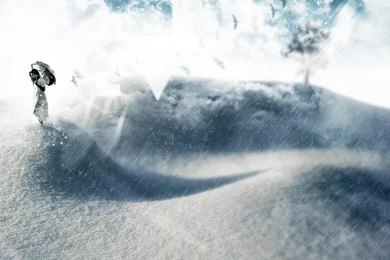 Art Umbrella Girl Winter Snow Mood Surreal Storm Wallpapers ...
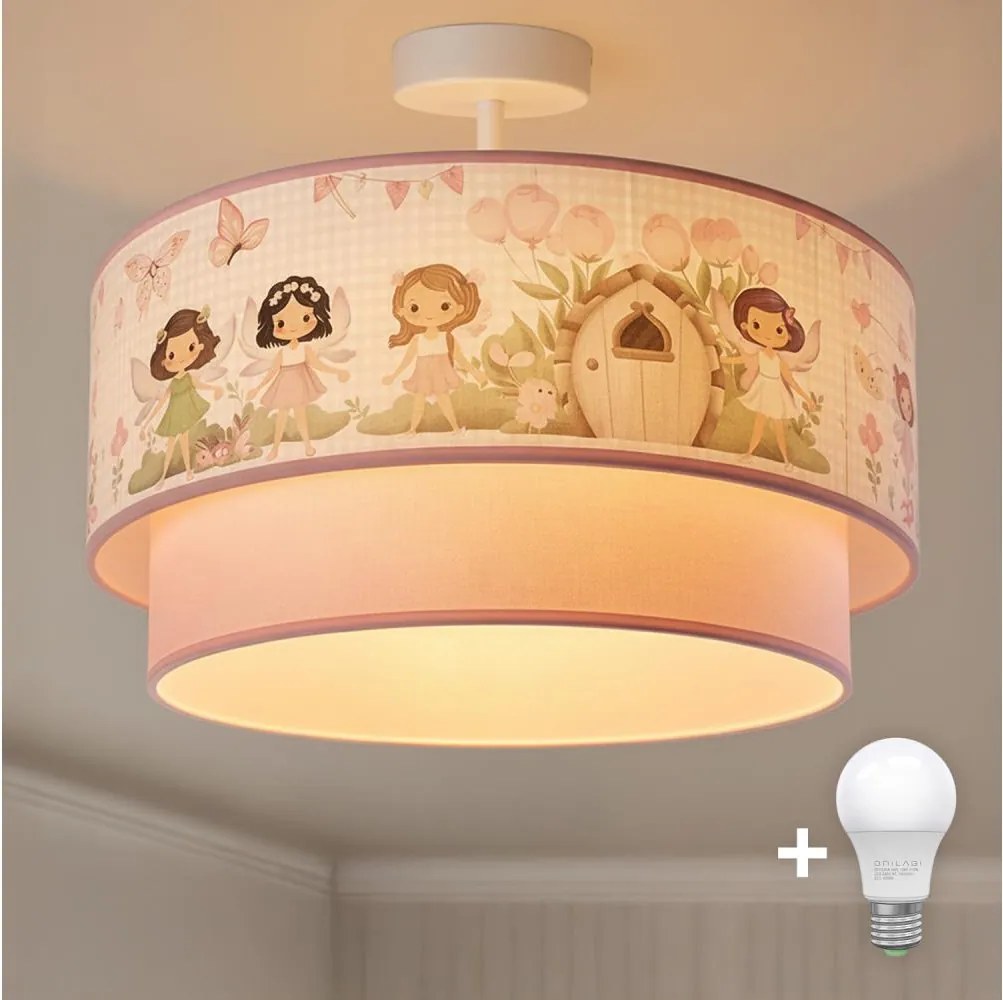Brilagi - LED детски плафон BOBO 1xE27/60W/230V Ø 40 см розов/феи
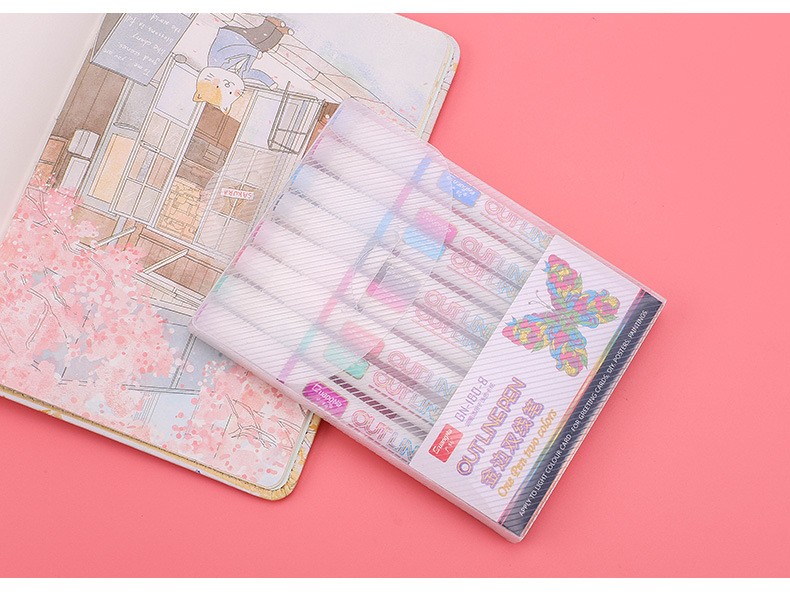 GN160-8 color set of water-based metallic marker pens and colored signature pens with golden edge double-line pens pic 16
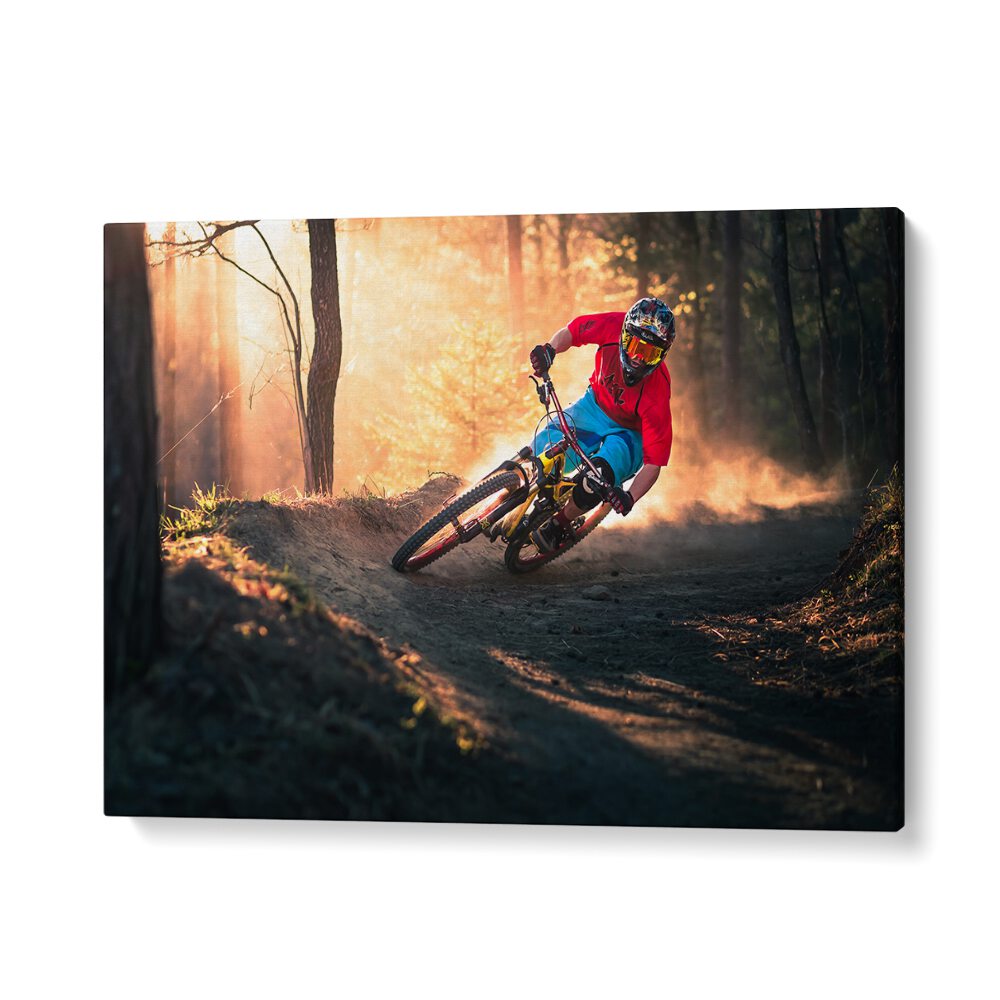 Dynamic cyclist navigating a curve in the Golden Bermed Corner, showcasing the essence of GOLDEN BERMED CORNER, PHOTOGRAPHY PRINTS.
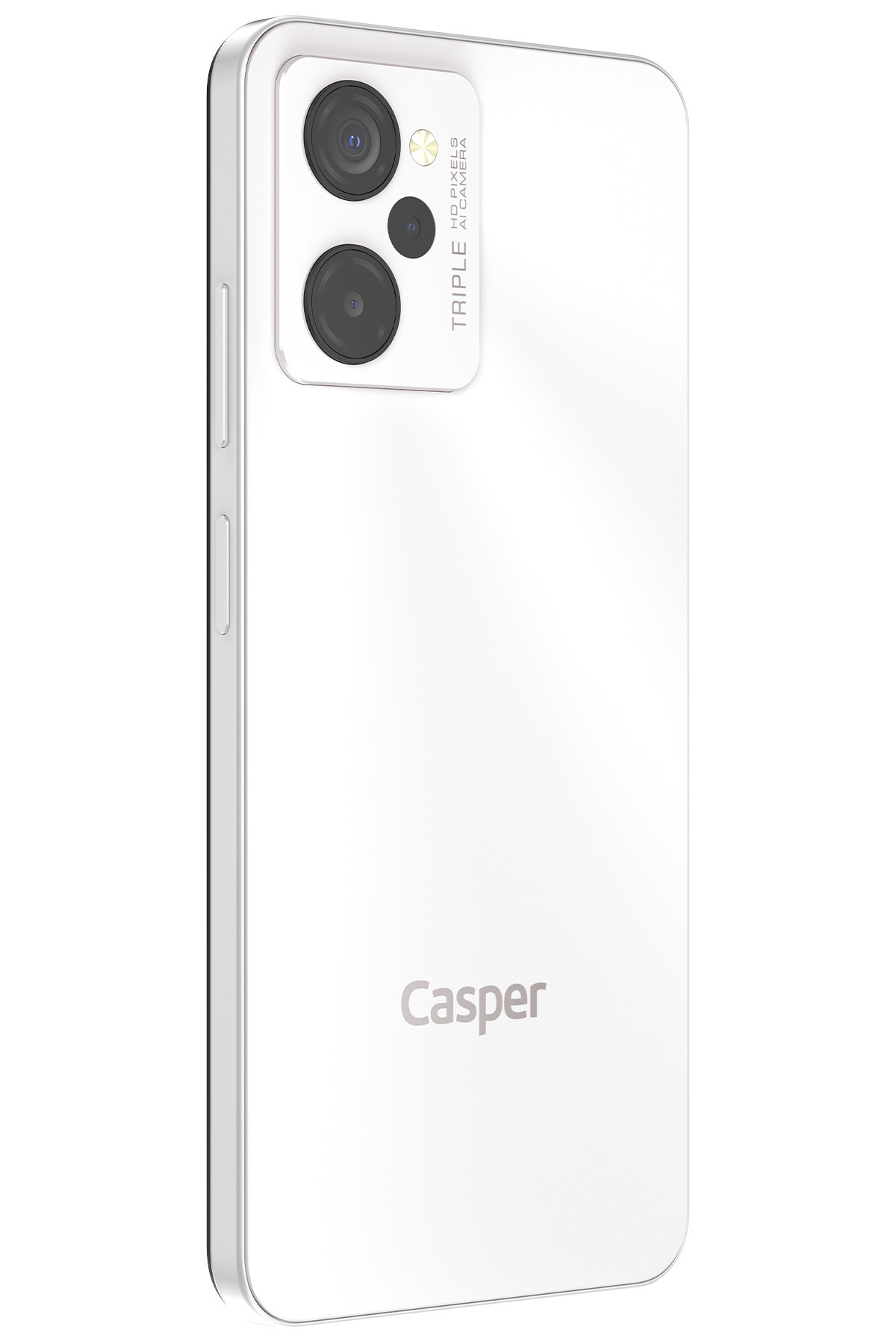 Arkada üçlü kamera ve Casper logosu bulunan beyaz bir akıllı telefon.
====================
Each entry should be copied exactly as written, though any pictures stay out.

= Reply to the exercise =
 Art Umbrella Girl Winter Snow Mood Surreal Storm Wallpapers ...
Brilagi - LED детски плафон BOBO 1xE27/60W/230V Ø 40 см розов/феи
 GN160-8 color set of water-based metallic marker pens and colored signature pens with golden edge double-line pens pic 16
 Dynamic cyclist navigating a curve in the Golden Bermed Corner, showcasing the essence of GOLDEN BERMED CORNER, PHOTOGRAPHY PRINTS.
 Arkada üçlü kamera ve Casper logosu bulunan beyaz bir akıllı telefon.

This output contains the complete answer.